Background

The ecological diffusion equation (EDE) is a mathematical description of the probability of presence for animals in space and time, which can be obtained by starting with a simple set of first principles defining how an individual animal can move across a landscape [17]. Ultimately, a stochastic differential equation for individual trajectories gives rise to the Fokker-Planck equation, and taking the limit with respect to time and space results in the partial differential equation (PDE) known as the EDE [35]. A suite of contemporary statistical modeling approaches have relied on the EDE to characterize the growth and spread of animal populations [7, 14, 16, 21, 36]. In particular, Hooten et al. [18] recently introduced a mechanistic individual-level modeling framework based on ecological diffusion and aligned it with step-selection functions (SSFs, or step-selection analyses; [11, 34]). SSFs are commonly applied by practitioners to study the movement and resource selection of animals tagged with modern telemetry devices [8].
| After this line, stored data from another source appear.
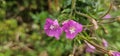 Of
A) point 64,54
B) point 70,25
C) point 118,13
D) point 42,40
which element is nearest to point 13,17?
point 42,40

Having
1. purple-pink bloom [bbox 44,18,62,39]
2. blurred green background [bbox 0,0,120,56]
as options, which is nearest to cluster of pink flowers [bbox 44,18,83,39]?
purple-pink bloom [bbox 44,18,62,39]

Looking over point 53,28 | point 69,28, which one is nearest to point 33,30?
point 53,28

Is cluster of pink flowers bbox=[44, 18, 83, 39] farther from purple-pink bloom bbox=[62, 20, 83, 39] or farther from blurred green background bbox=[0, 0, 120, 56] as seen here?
blurred green background bbox=[0, 0, 120, 56]

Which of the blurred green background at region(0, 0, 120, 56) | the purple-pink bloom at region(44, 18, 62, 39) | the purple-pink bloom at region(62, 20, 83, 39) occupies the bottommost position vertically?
the purple-pink bloom at region(62, 20, 83, 39)

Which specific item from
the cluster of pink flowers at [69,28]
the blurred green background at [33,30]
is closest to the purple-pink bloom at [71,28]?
the cluster of pink flowers at [69,28]

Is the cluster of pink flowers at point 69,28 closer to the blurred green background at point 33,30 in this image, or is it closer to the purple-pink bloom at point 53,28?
the purple-pink bloom at point 53,28

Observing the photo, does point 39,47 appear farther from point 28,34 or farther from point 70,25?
point 70,25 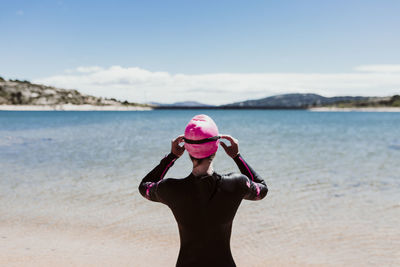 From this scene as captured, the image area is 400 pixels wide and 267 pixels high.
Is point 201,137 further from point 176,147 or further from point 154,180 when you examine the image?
point 154,180

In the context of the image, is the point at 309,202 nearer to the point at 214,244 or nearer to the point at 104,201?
the point at 104,201

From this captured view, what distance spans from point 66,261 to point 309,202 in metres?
6.78

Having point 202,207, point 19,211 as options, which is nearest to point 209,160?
point 202,207

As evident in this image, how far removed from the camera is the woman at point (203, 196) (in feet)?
7.62

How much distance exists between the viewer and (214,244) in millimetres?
2525

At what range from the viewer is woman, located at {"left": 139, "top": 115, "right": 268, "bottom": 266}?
2322 mm

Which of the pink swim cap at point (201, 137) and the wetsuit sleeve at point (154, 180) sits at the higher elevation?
the pink swim cap at point (201, 137)

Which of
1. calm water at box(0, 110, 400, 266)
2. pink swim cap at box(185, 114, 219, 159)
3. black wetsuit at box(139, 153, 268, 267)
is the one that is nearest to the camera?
pink swim cap at box(185, 114, 219, 159)

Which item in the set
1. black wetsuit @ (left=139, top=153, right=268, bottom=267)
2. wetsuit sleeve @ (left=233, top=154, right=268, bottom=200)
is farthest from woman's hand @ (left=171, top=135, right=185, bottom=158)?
wetsuit sleeve @ (left=233, top=154, right=268, bottom=200)

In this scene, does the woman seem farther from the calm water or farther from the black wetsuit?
the calm water

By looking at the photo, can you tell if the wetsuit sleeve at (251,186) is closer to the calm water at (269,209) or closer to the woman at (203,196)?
the woman at (203,196)

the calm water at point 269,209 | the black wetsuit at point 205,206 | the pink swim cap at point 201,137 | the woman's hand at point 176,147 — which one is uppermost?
the pink swim cap at point 201,137

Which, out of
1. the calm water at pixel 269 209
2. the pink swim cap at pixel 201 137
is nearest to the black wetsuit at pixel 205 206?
the pink swim cap at pixel 201 137

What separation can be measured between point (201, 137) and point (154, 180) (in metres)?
0.66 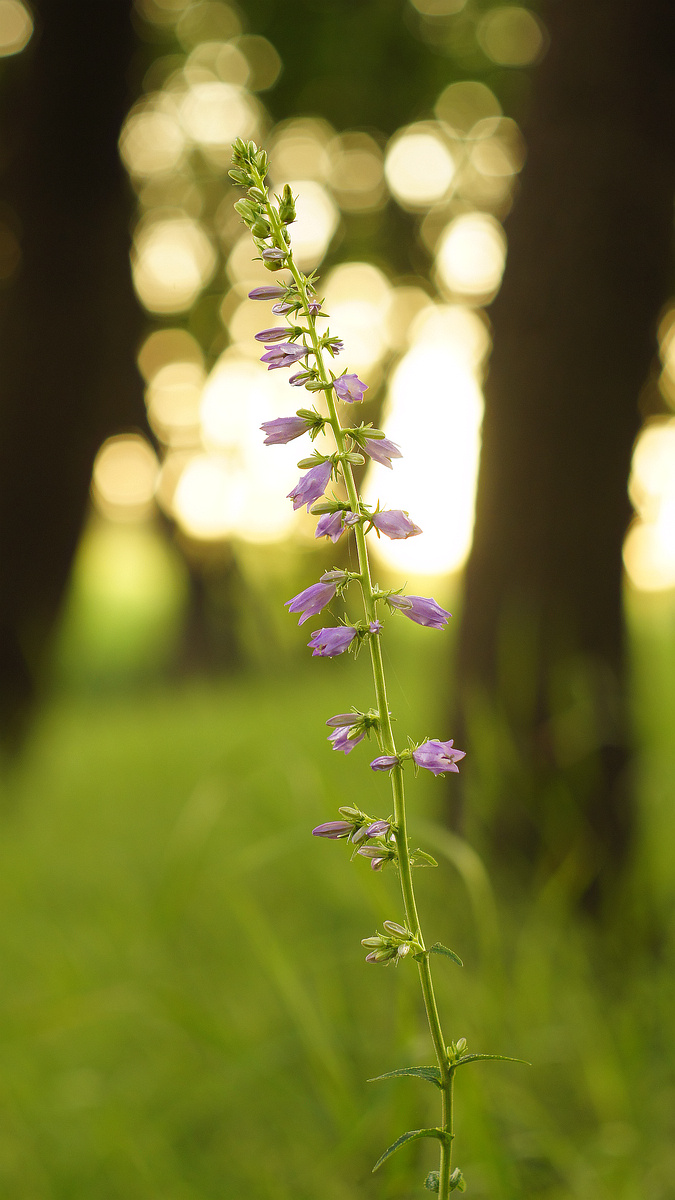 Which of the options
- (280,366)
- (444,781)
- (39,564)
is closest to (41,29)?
(39,564)

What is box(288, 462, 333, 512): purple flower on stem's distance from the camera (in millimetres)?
804

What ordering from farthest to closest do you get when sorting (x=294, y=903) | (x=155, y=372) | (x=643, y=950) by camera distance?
1. (x=155, y=372)
2. (x=294, y=903)
3. (x=643, y=950)

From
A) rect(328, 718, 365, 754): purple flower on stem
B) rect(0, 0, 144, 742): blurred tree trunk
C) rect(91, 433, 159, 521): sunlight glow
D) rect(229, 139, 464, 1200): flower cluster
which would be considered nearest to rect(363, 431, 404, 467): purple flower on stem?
rect(229, 139, 464, 1200): flower cluster

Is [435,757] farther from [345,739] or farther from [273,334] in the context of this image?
[273,334]

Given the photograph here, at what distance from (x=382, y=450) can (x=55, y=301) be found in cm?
570

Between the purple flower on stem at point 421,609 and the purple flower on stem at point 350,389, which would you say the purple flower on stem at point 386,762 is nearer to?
the purple flower on stem at point 421,609

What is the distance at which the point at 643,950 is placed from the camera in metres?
3.18

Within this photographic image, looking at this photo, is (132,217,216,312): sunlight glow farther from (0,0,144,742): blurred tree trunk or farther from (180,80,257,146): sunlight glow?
(0,0,144,742): blurred tree trunk

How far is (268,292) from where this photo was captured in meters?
0.90

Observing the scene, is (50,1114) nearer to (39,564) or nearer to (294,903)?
(294,903)

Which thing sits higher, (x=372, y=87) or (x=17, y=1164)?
(x=372, y=87)

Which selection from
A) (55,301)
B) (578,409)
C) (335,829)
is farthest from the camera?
(55,301)

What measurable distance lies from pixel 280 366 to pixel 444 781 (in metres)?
3.64

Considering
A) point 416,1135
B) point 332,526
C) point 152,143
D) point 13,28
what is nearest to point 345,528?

Fortin et al. [11] coined the term and are often credited with implementing the first SSF in an application studying the resource selection of elk (Cervus canadensis). The motivation was to overcome challenges associated with defining what is ‘available’ to an animal when implementing conventional resource selection functions (RSFs); an SSF does so by letting properties of the animal’s movement define the availability function [10, 34], while availability is often somewhat arbitrary for RSFs [22]. The method implemented by Fortin et al. [11] was a first practical step; however, SSFs have since been studied rigorously, including establishing connections to mechanistic home range models [25] and similar differential equation models [26, 30], space-time point process (STPP) models [19], and other popular contemporary movement modeling approaches, such as certain forms of random walks (e.g., [3]). SSFs have also seen development in terms of estimation procedures both at the individual-level [2, 32] and population-level [24].
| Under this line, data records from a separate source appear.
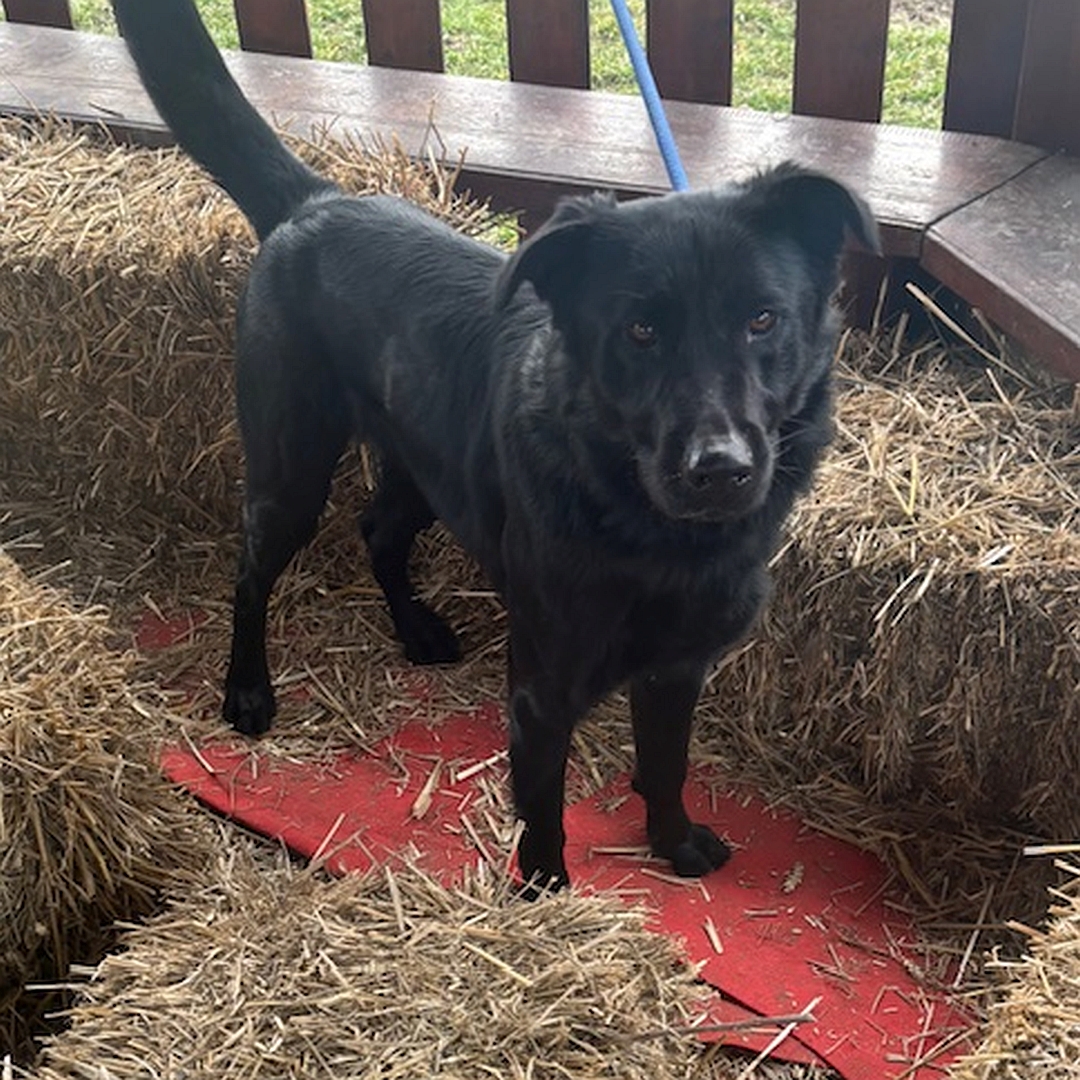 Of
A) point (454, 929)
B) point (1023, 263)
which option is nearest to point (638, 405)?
point (454, 929)

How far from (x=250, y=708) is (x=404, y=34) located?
230 centimetres

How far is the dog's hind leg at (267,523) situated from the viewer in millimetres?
3059

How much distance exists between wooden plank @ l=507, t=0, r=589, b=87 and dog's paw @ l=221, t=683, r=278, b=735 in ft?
7.09

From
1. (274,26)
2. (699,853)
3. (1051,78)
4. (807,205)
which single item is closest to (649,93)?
(807,205)

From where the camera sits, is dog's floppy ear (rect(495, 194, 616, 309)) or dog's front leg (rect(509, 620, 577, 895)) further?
dog's front leg (rect(509, 620, 577, 895))

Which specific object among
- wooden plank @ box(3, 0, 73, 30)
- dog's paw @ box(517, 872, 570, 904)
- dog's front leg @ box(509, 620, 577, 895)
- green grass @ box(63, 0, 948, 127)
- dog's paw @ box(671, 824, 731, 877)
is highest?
wooden plank @ box(3, 0, 73, 30)

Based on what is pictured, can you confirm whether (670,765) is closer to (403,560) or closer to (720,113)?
(403,560)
As with RSFs, SSFs typically assume an exponential selection function. This is despite limitations—primarily that inference is restricted to ‘relative’ selection strength instead of absolute probability of use, as can be inferred with a logistic selection function, for example [1, 20]. However, the exponential form permits estimation using a suite of readily available software commonly used in conditional logistic regression (recently discussed by Muff et al. [24]). While such convenience makes SSFs approachable to practitioners, ecological diffusion implies a different form of selection function that directly relates resource and habitat selection to residence time [18]. Although the EDE SSF presented by Hooten et al. [18] can still be implemented in a conditional regression framework, the implied link function is not standard and thus requires custom algorithms to fit the model to data.

Irrespective of the form of selection function, many regression-based approaches for fitting SSF models to data involve comparing the habitat or resources at ‘used’ steps to those at ‘available’ (or ‘control’) steps [2, 10, 34]. This procedure overcomes the need to evaluate an integral in the SSF likelihood that is usually analytically intractable. Generating available steps is typically done with distributions of step lengths (or distances between successive observed locations of the animal) and turning angles (or the angular deviations between steps; [34]). There have been various suggestions for how to choose these distributions, including empirical and parametric forms. Parametric choices for step lengths include the log-normal, gamma, and exponential, and uniform and von Mises are common for turning angles [2, 10, 34]. Many of these recommendations have resulted from rigorous simulation studies [2, 10].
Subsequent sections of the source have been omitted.